Archive for the ‘Kettle’ Category

Pentaho open sources ‘big data’ integration tools under Apache 2.0

Wednesday, February 1st, 2012

Pentaho open sources ‘big data’ integration tools under Apache 2.0

Chris Kanaracus writes:

Business intelligence vendor Pentaho is releasing as open source a number of tools related to “big data” in the 4.3 release of its Kettle data-integration platform and has moved the project overall to the Apache 2.0 license, the company announced Monday.

While Kettle had always been available in a community edition at no charge, the tools being open sourced were previously only available in the company’s commercialized edition. They include integrations for Hadoop’s file system and MapReduce as well as connectors to NoSQL databases such as Cassandra and MongoDB.

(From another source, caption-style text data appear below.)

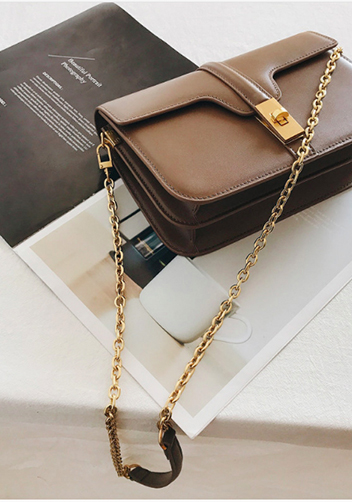 Shimanne Leather Shoulder Bag Brown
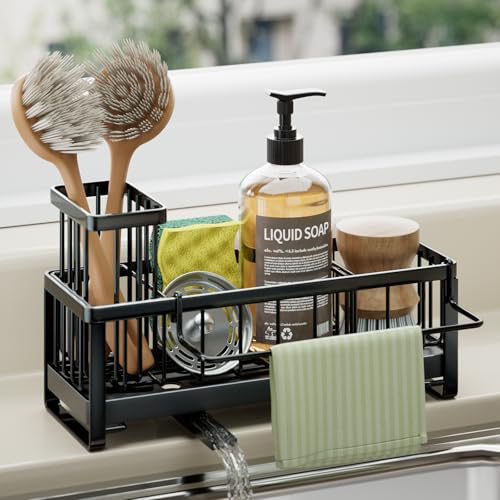 HapiRm Sponge Holder for Kitchen Sink - Self-draining Sink Caddy With Brush and Dishcloth Holders, Stainless Steel Kitchen Organizer for Countertop - Black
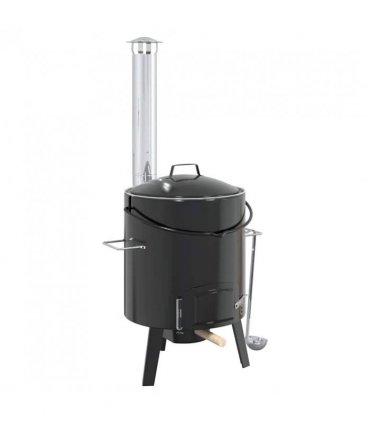 vidaXL Goulash Cannon with Chimney and Lid Black Enamelled Steel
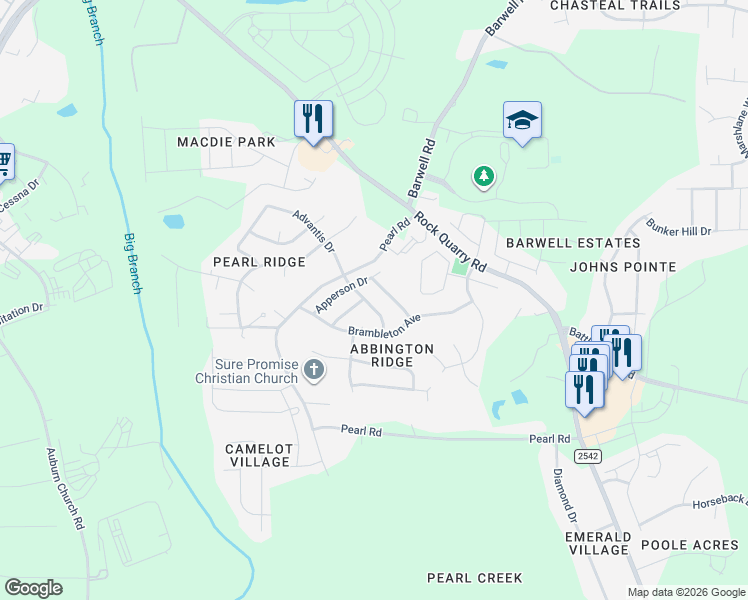 map of restaurants, bars, coffee shops, grocery stores, and more near 5705 Weddington Road in Raleigh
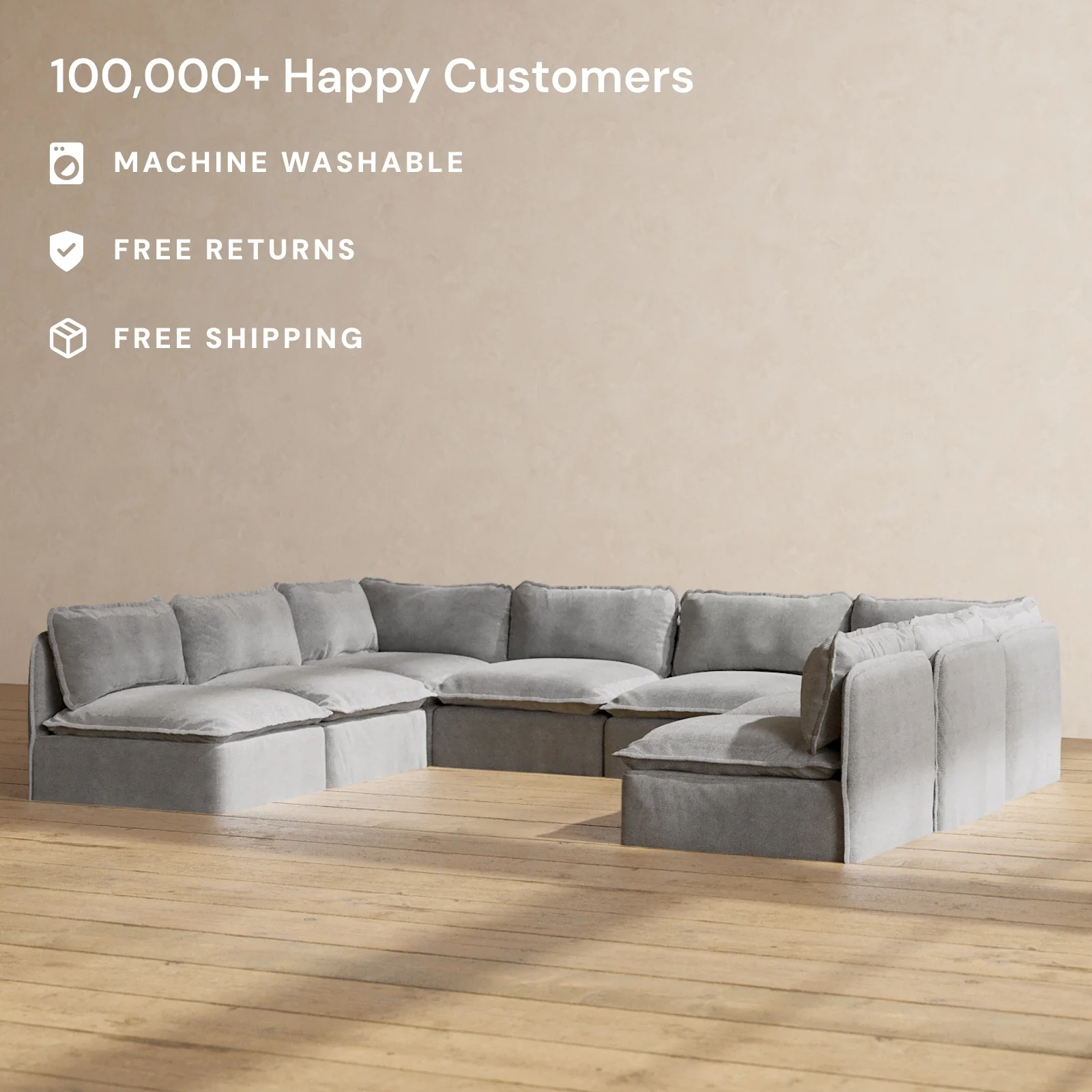 Modular Washable 8-Seater Open-Ends U-Sectional in Ash | Memorix+ Seat | Contour Pillow - Image 2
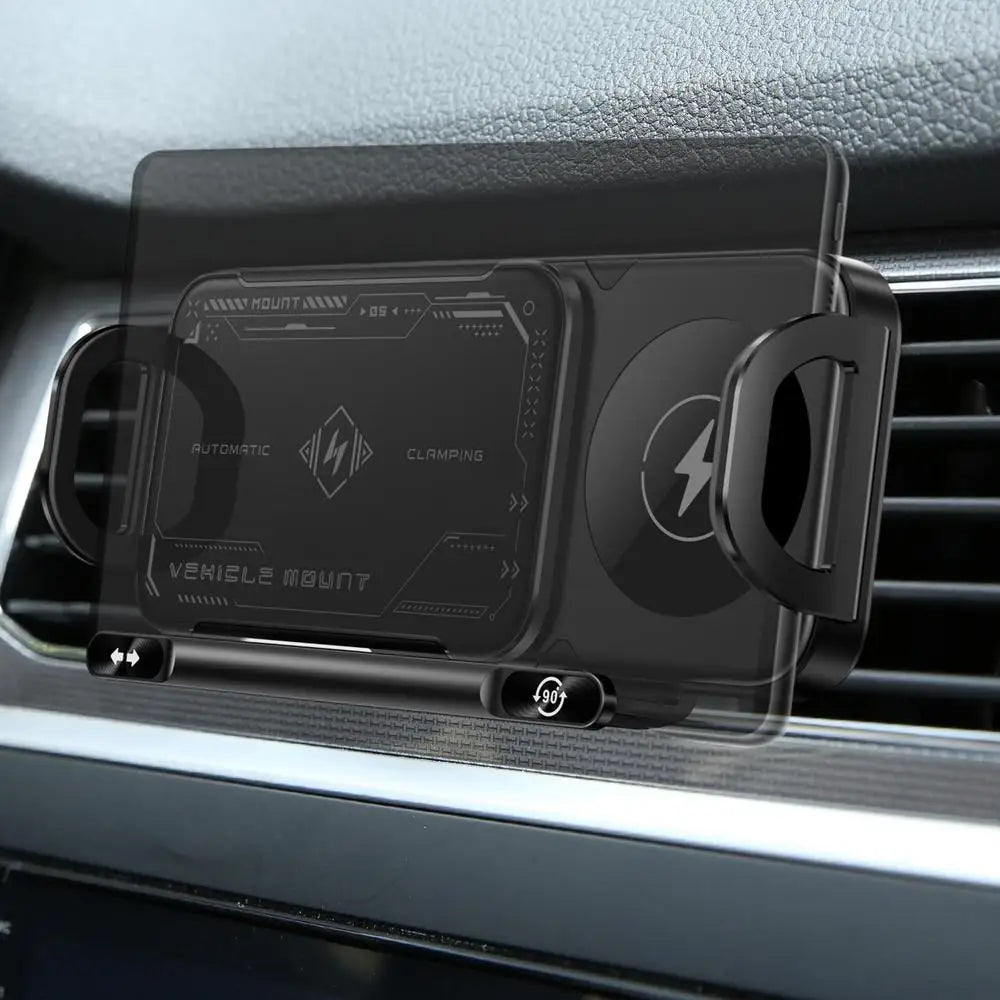Black car phone mount attached to a car's air vent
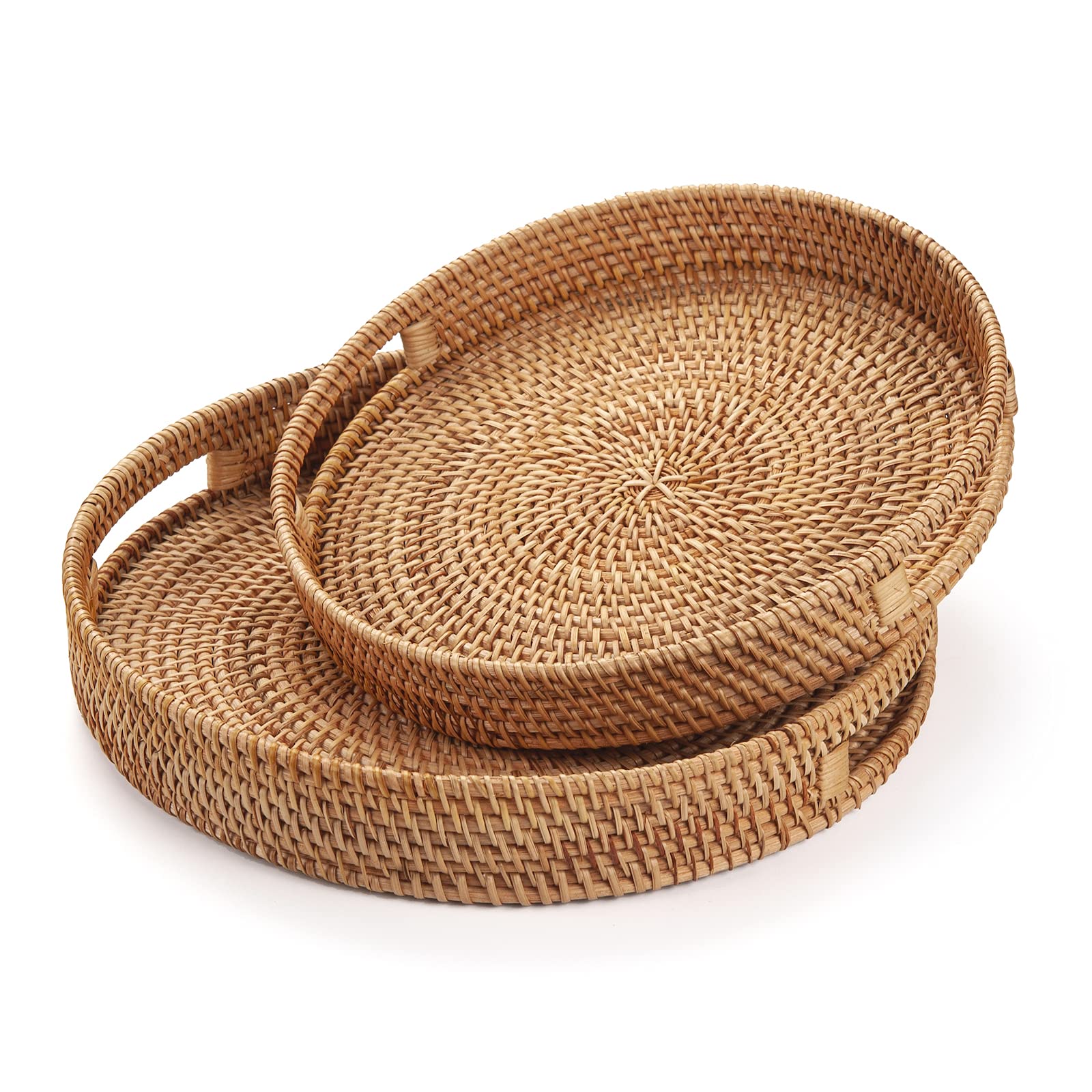 DECRAFTS handwoven rattan tray enhances natural texture as decor on a table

Those technologies are some of the most popular tools associated with the analysis of “big data,” an industry buzzword referring to the ever-larger amounts of unstructured information being generated by websites, sensors and other sources, along with transactional data from enterprise applications.

The big data components will still be offered as part of a commercial package, Pentaho Business Analytics Enterprise Edition, which bundles in tech support maintenance and additional functionality, said Doug Moran, company co-founder and big data product manager.

Who would have thought as recently as two years ago that big data analysis would face an embarrassment of open source riches?

Even though “open source,” production use of any of the “open source” tools in a big data environment requires a substantial investment of human and technical resources.

I see the usual promotional webinars but for unstructured data, I wonder why we don’t see the usual suspects in competitions like TREC?

Ranking in such an event should not be the only consideration but at least would be a public test of the various software offerings.